La scorsa settimana il Parco Nazionale della Majella ha ospitato un interessante laboratorio di governance agro-alimentare corredato dalla discussione e analisi congiunte delle problematiche che investono il settore. Oltre a ciò, l’iniziativa è stata occasione per fare pensiero comune rispetto al futuro dell’agricoltura e della zootecnia del Parco stesso, ed è stata caratterizzata dalla partecipazione del CREA (Consiglio Nazionale per la Ricerca in Agricoltura e Economia Agraria) e Rete Rurale Nazionale 2014, con la collaborazione di Legambiente, della Regione Abruzzo, Assessorato Agricoltura, Caccia e pesca, Parchi e riserve naturali, delle DMC e i GAL del territorio della Majella, CIA Abruzzo, Coldiretti Abruzzo e, in via sperimentale e preliminare, insieme ad alcuni rappresentanti degli agricoltori custodi aderenti al Progetto Coltiviamo la Biodiversità e degli allevatori aderenti al Progetto Qualità per la zootecnia.

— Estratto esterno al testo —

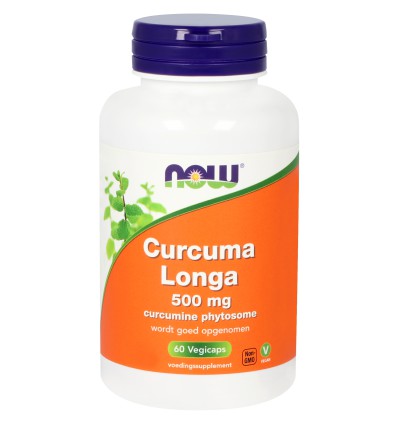 Now Kruidenextracten NOW Curcuma Longa 500 mg (Curcumine Phytosome) biologisch 60 vcaps kopen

“Tra i parchi nazionali italiani – spiega il Direttore del Parco Luciano Di Martino – è certamente uno di quelli che si sono maggiormente dedicati, soprattutto negli ultimi anni, alla valorizzazione delle attività agricole e zootecniche tradizionali e sostenibili. Dal progetto “Coltiviamo la Diversità” al “Progetto Qualità per la zootecnia”, dalle misure di prevenzione dei danni da predatori al programma di restituzione della pecora predata dal lupo, queste iniziative hanno consolidato una rete di collaborazione fattiva tra ente e imprenditori agricoli del Parco. Per questo è stato scelto quale sede di un laboratorio di questo tipo che ha visto interlocutori territoriali e istituzionali, tutti ben consapevoli delle grandi difficoltà che incontra il settore, soprattutto nelle cosiddette “aree marginali”.
“In realtà, nel futuro della programmazione agricola, queste aree marginali non lo saranno affatto – continua Di Martino – Anzi, le aziende agro-zootecniche nelle aree protette saranno le uniche ad essere candidate a sviluppare nuovi modelli di qualità delle produzioni e di sostenibilità ambientale e, se possibile, ad essere anche sostenute economicamente per fare questo. Certo sono poche le aziende agricole rimaste, i costi di produzione, l’enorme peso della burocrazia (anche quella degli stessi parchi), la scarsa competitività con le grandi aziende intensive, il mancato riconoscimento della diversità e del valore del prodotto di qualità, i danni da fauna selvatica, troppo spesso hanno determinato l’indebolimento di molte aziende, ormai chiuse o in procinto di chiudere. Ma quelle rimaste, e soprattutto quelle dei giovani che stanno di nuovo credendo ad una possibilità di lavoro dignitoso, per quanto faticoso, ma ricco di soddisfazioni ed opportunità, hanno piena consapevolezza del significato e del valore aggiunto che comporta il fare agricoltura e allevamento nel Parco. Gli agricoltori si sentono custodi di un territorio, rappresentanti di un modo di coltivare ed allevare con requisiti di qualità altrove introvabili e, soprattutto, sono ora ben consapevoli che la prossima programmazione comunitaria (2021-2027) potrebbe essere dalla loro parte, se le istituzioni sono disposte ad ascoltare, comprendere, analizzare e riscrivere in modo partecipato quello che serve”.
“Il Parco Nazionale della Majella – conclude il Direttore – in questo potrà essere interlocutore privilegiato e facilitatore istituzionale, nella piena consapevolezza che, in questo caso, la valorizzazione delle capacità produttive delle aziende del parco possa coincidere pienamente con quelle modalità di gestione delle coltivazioni e degli allevamenti che garantiscono la tutela della biodiversità e, dunque, anche il pieno raggiungimento delle finalità istitutive dell’Ente Parco”.